§ DATASET CONTENT:
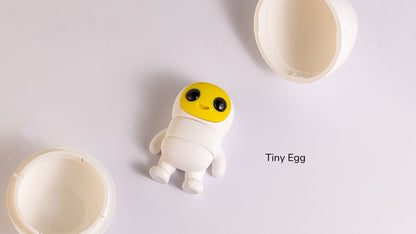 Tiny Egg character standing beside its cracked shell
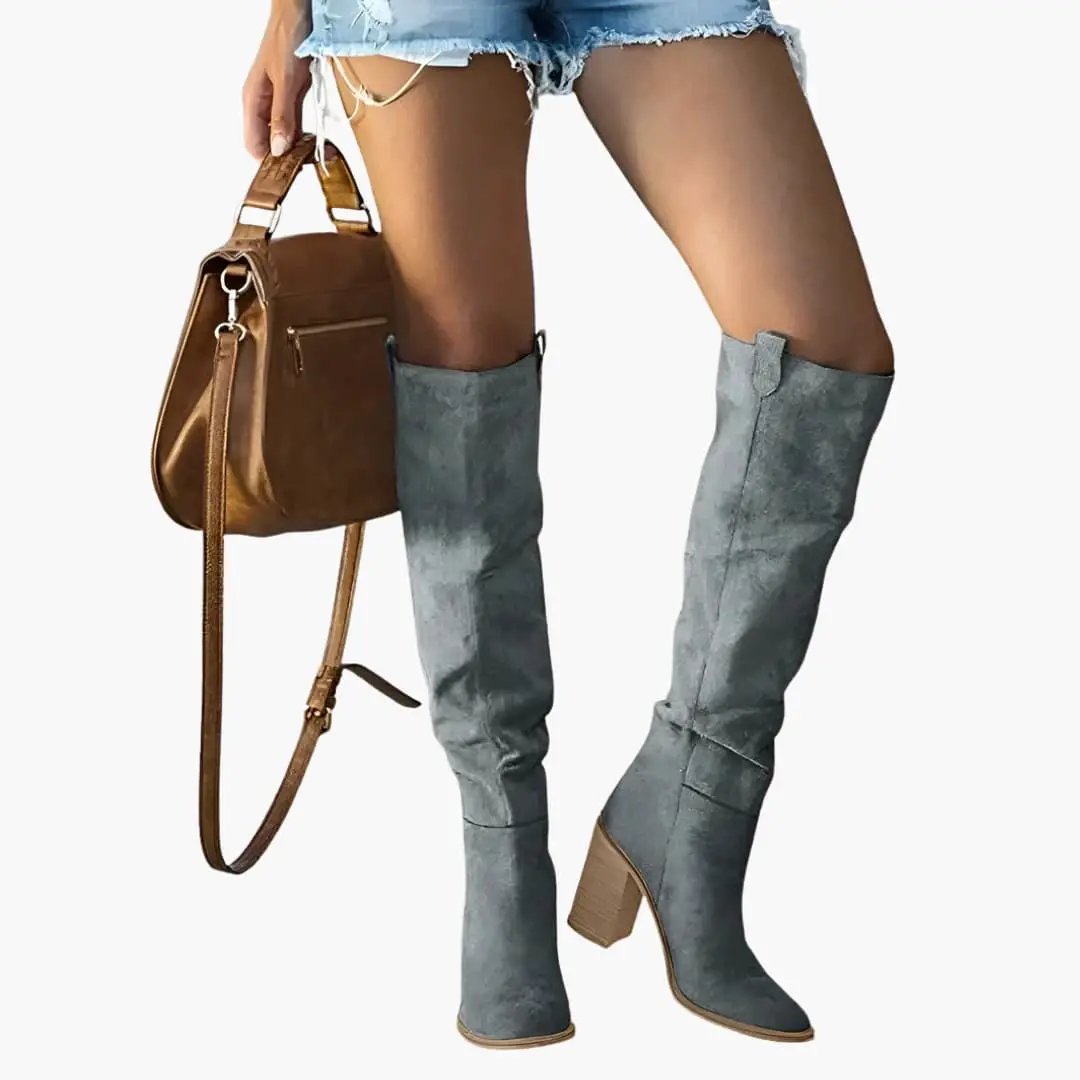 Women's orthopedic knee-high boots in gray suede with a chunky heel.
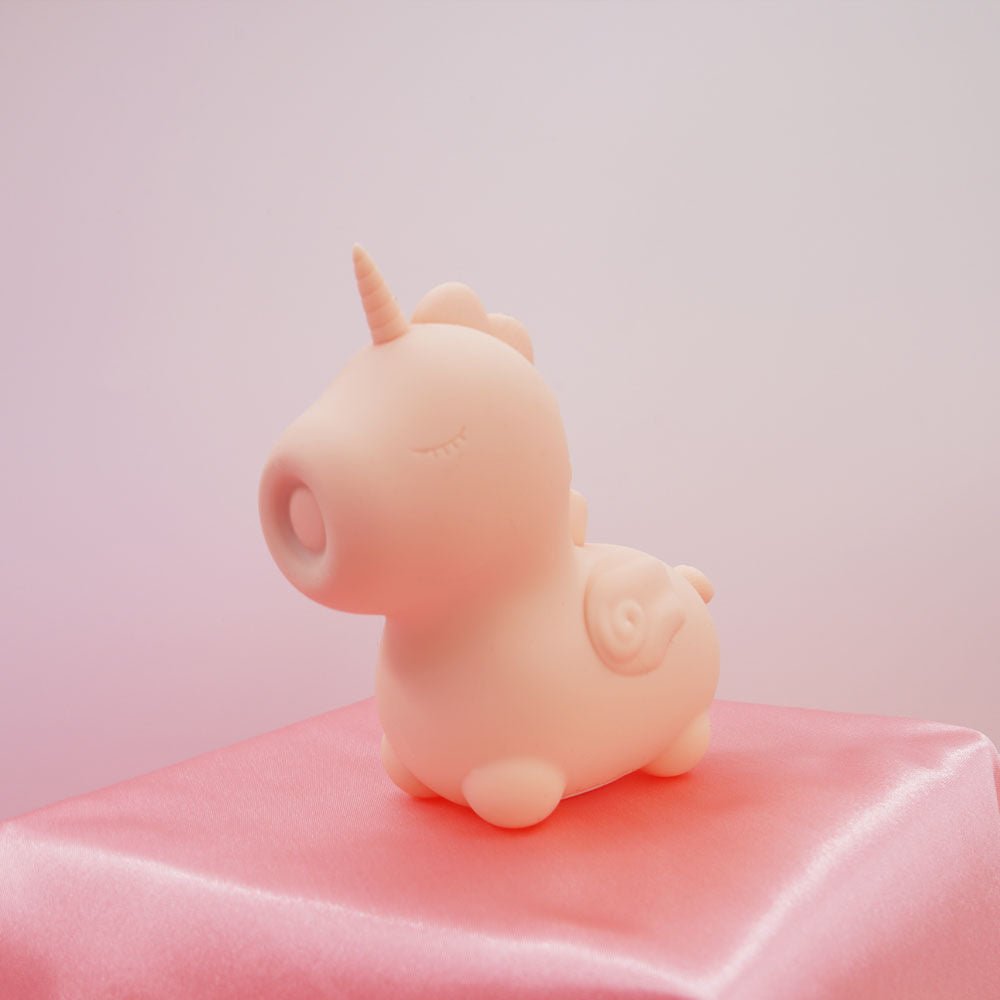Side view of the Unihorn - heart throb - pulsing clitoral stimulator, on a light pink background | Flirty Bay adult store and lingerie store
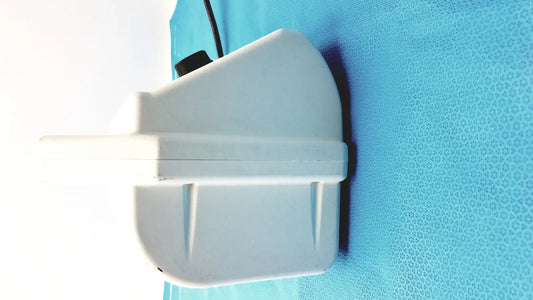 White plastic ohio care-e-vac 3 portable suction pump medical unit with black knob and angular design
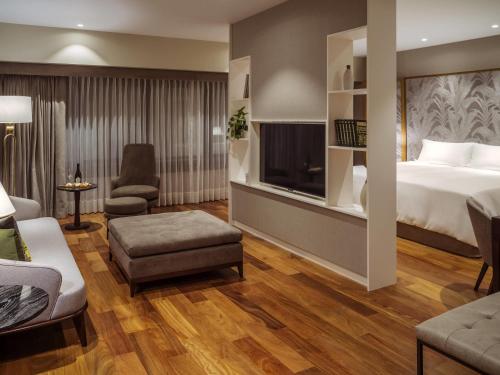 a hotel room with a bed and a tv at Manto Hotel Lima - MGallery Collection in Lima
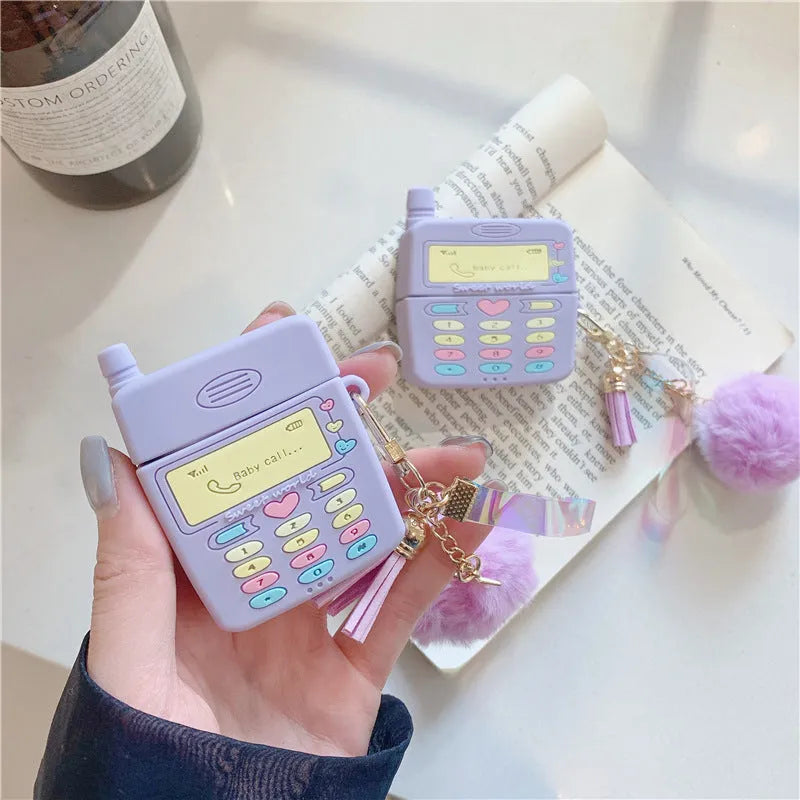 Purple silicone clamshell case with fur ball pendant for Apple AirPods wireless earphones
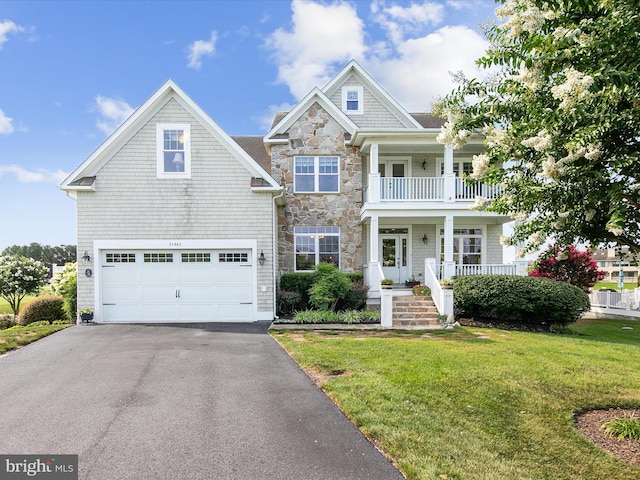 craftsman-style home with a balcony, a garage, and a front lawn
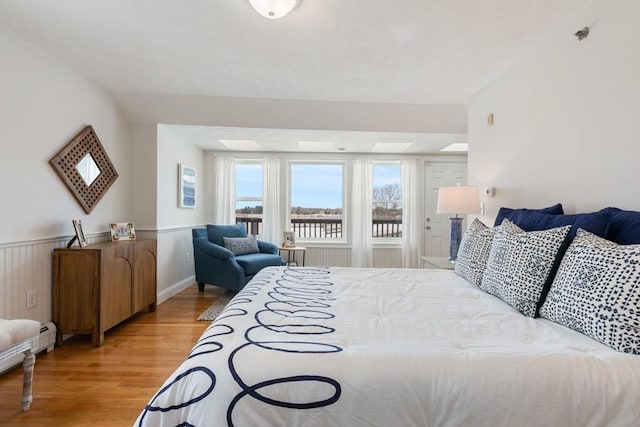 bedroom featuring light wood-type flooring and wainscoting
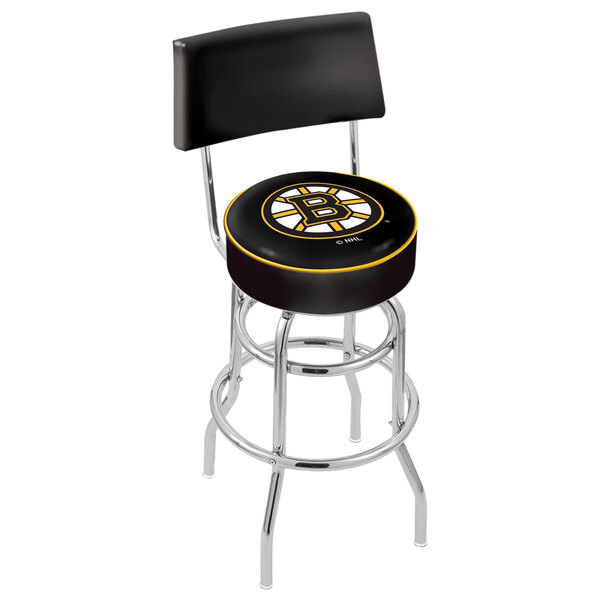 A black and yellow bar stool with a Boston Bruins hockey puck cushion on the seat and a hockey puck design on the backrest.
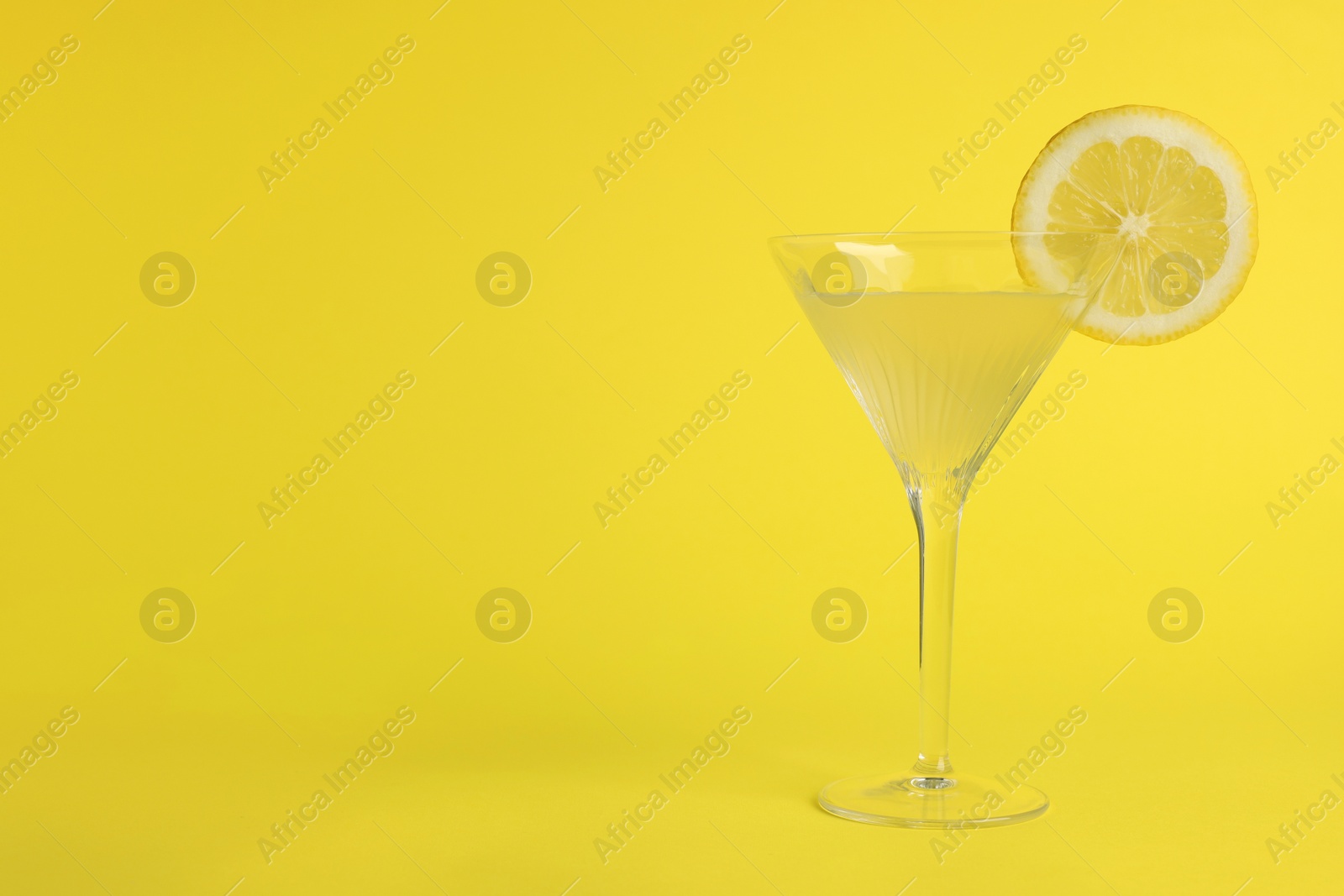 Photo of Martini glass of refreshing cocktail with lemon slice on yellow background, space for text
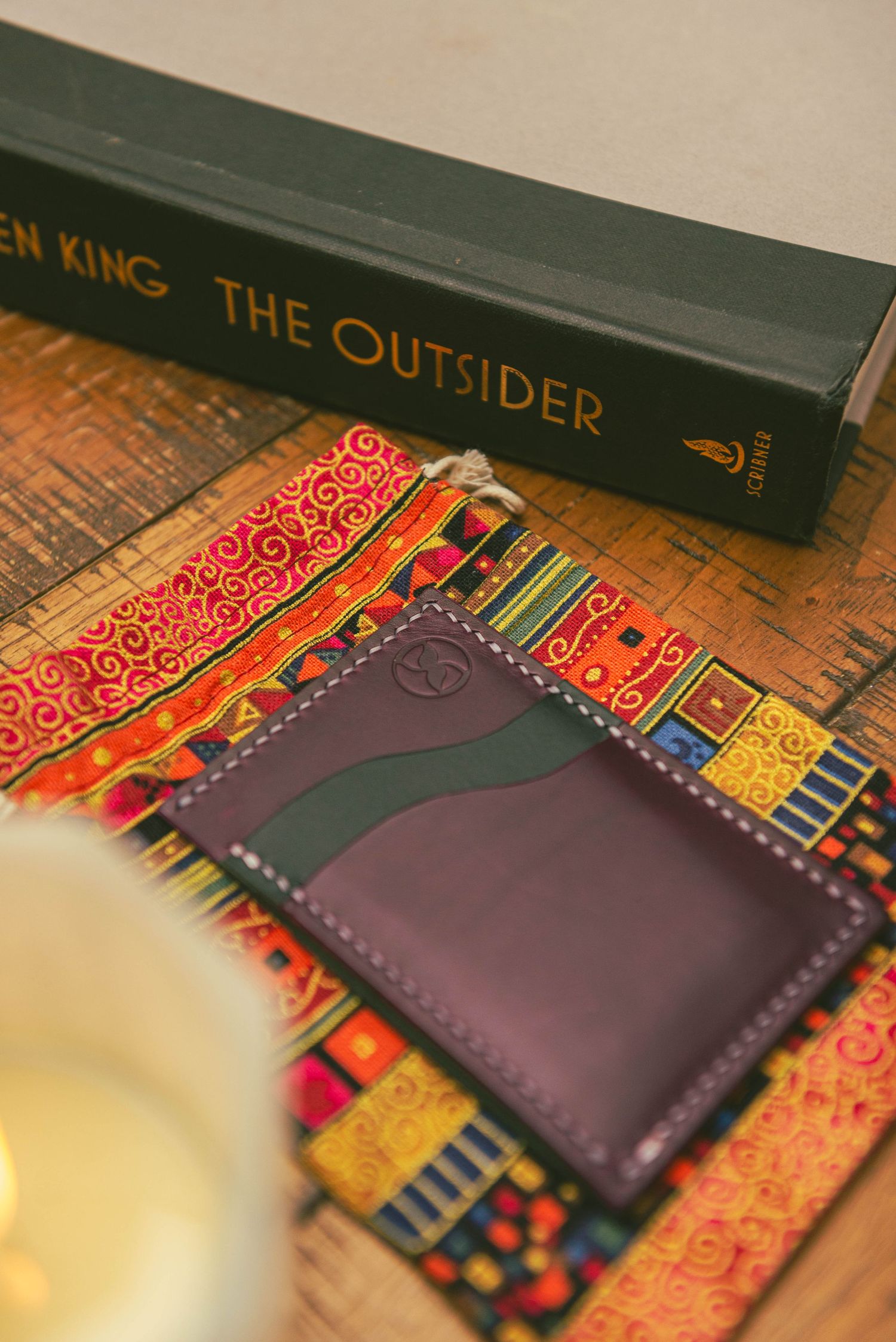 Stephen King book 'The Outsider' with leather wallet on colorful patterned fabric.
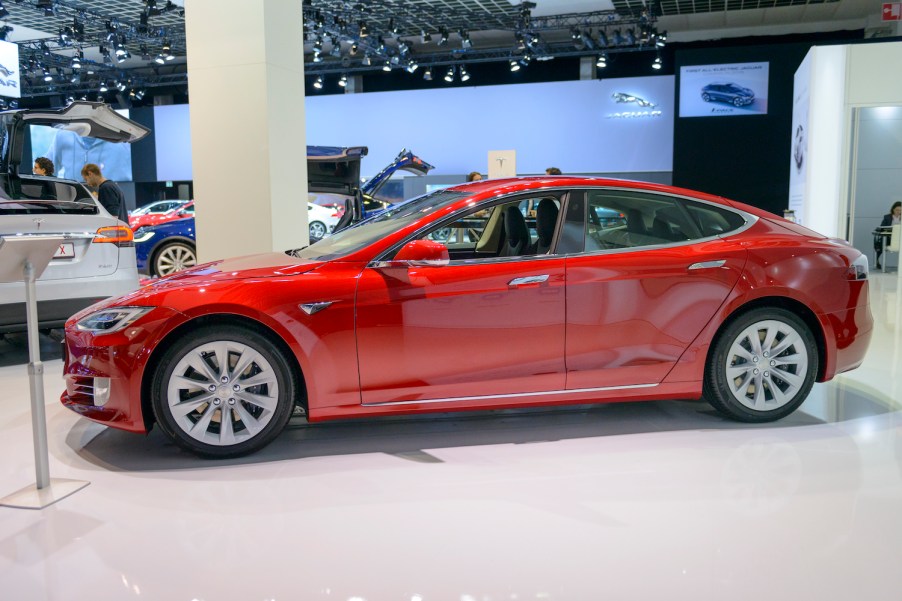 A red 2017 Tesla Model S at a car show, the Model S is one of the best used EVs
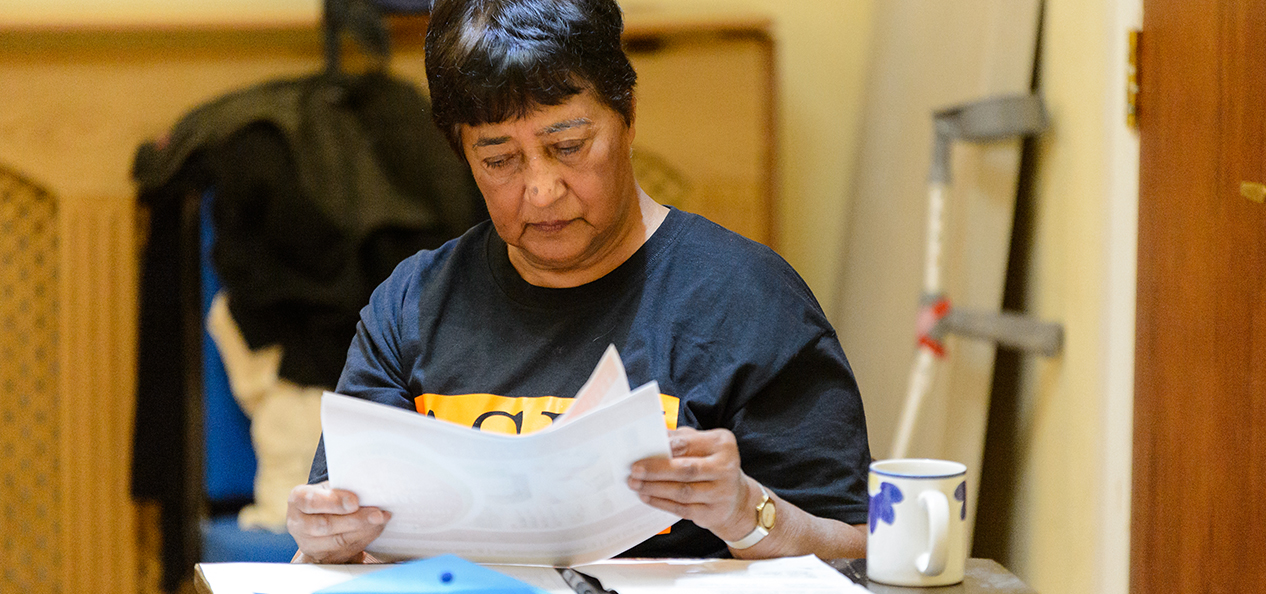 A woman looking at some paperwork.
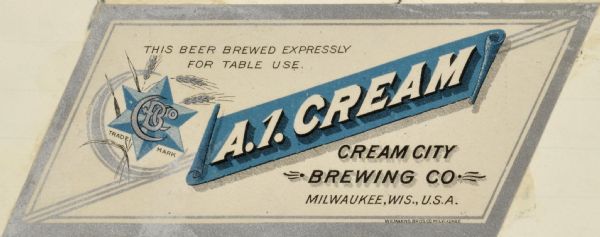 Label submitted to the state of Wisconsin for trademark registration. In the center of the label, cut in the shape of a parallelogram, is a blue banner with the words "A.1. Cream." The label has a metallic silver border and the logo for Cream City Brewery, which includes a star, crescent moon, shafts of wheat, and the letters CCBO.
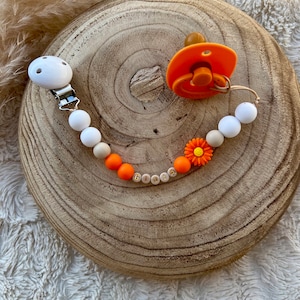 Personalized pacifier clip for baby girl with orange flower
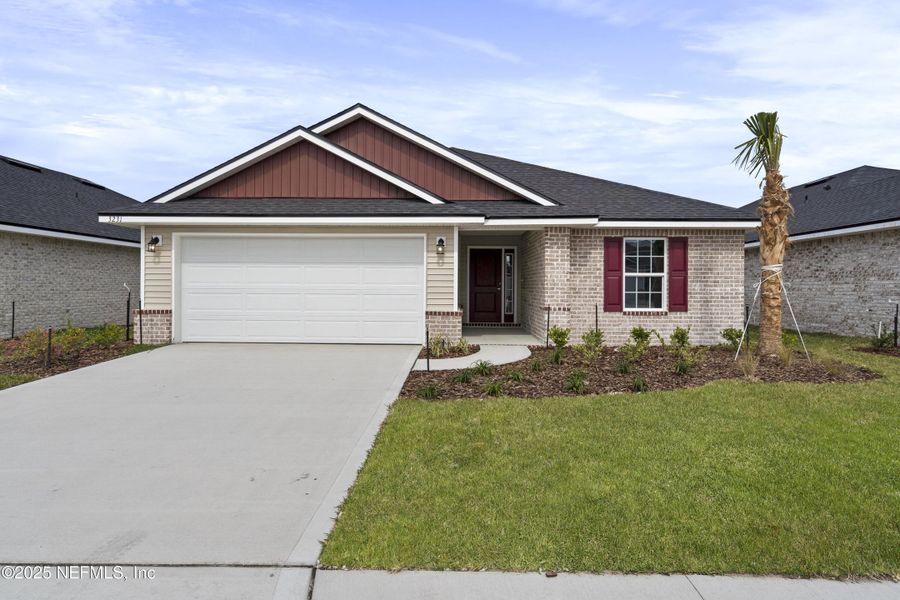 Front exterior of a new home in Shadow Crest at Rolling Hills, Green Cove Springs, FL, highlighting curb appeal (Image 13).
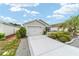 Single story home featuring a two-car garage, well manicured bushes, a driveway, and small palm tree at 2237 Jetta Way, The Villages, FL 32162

§ TASK REQUIREMENTS:
The records above should be retyped in full and exactly; omit the pictures.

§ ANSWER TO THIS PROBLEM:
 Tiny Egg character standing beside its cracked shell
 Women's orthopedic knee-high boots in gray suede with a chunky heel.
Side view of the Unihorn - heart throb - pulsing clitoral stimulator, on a light pink background | Flirty Bay adult store and lingerie store
 White plastic ohio care-e-vac 3 portable suction pump medical unit with black knob and angular design
 a hotel room with a bed and a tv at Manto Hotel Lima - MGallery Collection in Lima
 Purple silicone clamshell case with fur ball pendant for Apple AirPods wireless earphones
 craftsman-style home with a balcony, a garage, and a front lawn
 bedroom featuring light wood-type flooring and wainscoting
 A black and yellow bar stool with a Boston Bruins hockey puck cushion on the seat and a hockey puck design on the backrest.
 Photo of Martini glass of refreshing cocktail with lemon slice on yellow background, space for text
 Stephen King book 'The Outsider' with leather wallet on colorful patterned fabric.
 A red 2017 Tesla Model S at a car show, the Model S is one of the best used EVs
 A woman looking at some paperwork.
 Label submitted to the state of Wisconsin for trademark registration. In the center of the label, cut in the shape of a parallelogram, is a blue banner with the words "A.1. Cream." The label has a metallic silver border and the logo for Cream City Brewery, which includes a star, crescent moon, shafts of wheat, and the letters CCBO.
 Personalized pacifier clip for baby girl with orange flower
 Front exterior of a new home in Shadow Crest at Rolling Hills, Green Cove Springs, FL, highlighting curb appeal (Image 13).
 Single story home featuring a two-car garage, well manicured bushes, a driveway, and small palm tree at 2237 Jetta Way, The Villages, FL 32162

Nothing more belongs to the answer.